Among the entries below, one stretch runs from the line that contains "Risa Floral Embroidery" through the line that contains "峡谷地国家公园的梅萨拱门，犹他州图片素材". Repeat that stretch exactly, ends included, and only that.

*** Opening of RECORDS SUPPLIED ***

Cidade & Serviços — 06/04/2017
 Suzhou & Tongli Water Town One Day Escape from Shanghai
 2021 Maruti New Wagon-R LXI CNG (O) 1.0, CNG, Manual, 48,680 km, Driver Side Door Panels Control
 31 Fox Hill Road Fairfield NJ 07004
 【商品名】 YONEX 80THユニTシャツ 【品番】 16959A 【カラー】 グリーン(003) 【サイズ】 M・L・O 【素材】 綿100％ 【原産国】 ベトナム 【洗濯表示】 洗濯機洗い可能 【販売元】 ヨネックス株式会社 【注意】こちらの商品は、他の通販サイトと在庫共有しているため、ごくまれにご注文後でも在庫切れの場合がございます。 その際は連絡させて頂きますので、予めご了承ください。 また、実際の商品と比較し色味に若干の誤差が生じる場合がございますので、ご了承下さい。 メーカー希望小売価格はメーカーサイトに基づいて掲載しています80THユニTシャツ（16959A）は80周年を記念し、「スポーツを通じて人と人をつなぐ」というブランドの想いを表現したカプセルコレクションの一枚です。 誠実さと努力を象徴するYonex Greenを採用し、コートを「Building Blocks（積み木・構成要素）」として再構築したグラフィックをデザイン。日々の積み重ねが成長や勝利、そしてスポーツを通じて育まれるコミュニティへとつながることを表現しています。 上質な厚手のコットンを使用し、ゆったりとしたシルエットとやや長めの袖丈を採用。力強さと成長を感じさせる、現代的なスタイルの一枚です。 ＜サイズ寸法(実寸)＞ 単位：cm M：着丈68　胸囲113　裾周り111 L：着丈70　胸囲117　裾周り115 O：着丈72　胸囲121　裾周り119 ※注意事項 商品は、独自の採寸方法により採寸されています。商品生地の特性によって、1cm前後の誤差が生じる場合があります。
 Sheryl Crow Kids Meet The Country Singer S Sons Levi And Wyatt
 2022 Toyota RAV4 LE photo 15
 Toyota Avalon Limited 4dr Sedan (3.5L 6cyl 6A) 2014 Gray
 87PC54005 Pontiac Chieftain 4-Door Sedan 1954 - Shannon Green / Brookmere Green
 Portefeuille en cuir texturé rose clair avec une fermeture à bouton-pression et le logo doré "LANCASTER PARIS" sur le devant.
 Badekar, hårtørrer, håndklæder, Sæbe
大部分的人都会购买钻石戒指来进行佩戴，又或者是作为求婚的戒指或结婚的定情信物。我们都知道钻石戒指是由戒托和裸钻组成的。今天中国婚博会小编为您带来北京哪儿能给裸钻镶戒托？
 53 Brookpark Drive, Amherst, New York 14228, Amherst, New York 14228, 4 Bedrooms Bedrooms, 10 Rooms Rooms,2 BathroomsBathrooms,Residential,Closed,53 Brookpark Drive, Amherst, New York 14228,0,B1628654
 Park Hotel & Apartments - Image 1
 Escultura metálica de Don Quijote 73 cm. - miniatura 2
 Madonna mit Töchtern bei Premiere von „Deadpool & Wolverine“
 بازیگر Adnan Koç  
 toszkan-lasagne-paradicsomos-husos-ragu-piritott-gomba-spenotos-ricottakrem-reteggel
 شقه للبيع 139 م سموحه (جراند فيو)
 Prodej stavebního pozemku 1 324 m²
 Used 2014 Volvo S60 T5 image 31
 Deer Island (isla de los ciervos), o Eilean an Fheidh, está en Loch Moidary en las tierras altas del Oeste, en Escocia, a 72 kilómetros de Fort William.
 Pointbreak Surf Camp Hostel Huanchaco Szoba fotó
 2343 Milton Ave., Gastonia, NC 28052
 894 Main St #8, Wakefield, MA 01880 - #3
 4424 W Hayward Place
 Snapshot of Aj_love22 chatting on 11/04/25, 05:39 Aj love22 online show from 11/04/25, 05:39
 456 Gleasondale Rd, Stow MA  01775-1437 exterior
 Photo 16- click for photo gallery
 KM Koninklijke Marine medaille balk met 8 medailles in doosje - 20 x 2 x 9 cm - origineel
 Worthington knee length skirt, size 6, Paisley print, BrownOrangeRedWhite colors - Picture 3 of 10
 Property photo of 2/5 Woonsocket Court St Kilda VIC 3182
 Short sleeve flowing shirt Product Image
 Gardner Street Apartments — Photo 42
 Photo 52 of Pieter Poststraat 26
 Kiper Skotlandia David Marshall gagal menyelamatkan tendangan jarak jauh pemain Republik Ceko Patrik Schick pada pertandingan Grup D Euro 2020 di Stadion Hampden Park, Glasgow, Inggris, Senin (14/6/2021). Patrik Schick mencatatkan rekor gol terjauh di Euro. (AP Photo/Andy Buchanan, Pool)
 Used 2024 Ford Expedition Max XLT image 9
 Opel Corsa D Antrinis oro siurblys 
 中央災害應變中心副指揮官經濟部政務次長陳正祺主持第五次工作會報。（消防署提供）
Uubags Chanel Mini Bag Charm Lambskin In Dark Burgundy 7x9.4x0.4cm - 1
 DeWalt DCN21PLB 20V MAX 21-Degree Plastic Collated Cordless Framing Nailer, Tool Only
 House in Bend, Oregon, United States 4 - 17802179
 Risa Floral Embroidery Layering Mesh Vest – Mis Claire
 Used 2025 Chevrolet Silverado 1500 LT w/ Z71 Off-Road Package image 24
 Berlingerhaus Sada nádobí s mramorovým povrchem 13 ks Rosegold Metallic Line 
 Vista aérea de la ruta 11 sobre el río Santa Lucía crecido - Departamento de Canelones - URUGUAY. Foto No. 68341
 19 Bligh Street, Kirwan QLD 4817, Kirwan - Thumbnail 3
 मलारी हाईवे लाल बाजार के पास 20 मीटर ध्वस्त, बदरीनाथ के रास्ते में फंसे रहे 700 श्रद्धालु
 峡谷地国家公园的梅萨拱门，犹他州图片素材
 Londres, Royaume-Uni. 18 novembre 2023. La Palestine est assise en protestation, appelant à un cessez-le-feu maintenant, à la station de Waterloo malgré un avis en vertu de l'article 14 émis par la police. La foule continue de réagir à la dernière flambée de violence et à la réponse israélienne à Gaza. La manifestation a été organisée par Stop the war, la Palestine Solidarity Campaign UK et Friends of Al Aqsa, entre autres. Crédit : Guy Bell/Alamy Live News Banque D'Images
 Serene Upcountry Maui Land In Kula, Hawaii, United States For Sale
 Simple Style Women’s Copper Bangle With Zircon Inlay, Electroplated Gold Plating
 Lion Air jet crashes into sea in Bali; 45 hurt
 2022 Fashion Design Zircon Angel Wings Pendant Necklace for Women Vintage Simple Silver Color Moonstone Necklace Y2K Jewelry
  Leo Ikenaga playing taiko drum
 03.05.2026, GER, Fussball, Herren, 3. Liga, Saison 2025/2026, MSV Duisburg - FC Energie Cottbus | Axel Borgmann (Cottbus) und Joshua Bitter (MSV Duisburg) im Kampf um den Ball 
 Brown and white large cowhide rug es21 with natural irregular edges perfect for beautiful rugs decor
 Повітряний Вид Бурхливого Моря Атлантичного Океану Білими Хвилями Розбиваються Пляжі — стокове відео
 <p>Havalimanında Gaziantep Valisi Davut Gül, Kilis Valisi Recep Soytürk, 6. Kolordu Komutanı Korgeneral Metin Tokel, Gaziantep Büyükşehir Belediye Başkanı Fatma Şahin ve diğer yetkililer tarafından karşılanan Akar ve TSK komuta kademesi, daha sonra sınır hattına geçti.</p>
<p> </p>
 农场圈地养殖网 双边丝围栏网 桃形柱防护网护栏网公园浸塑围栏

*** Close of RECORDS SUPPLIED ***

> **RESULT OF THIS TASK**
 Risa Floral Embroidery Layering Mesh Vest – Mis Claire
 Used 2025 Chevrolet Silverado 1500 LT w/ Z71 Off-Road Package image 24
 Berlingerhaus Sada nádobí s mramorovým povrchem 13 ks Rosegold Metallic Line 
 Vista aérea de la ruta 11 sobre el río Santa Lucía crecido - Departamento de Canelones - URUGUAY. Foto No. 68341
 19 Bligh Street, Kirwan QLD 4817, Kirwan - Thumbnail 3
 मलारी हाईवे लाल बाजार के पास 20 मीटर ध्वस्त, बदरीनाथ के रास्ते में फंसे रहे 700 श्रद्धालु
 峡谷地国家公园的梅萨拱门，犹他州图片素材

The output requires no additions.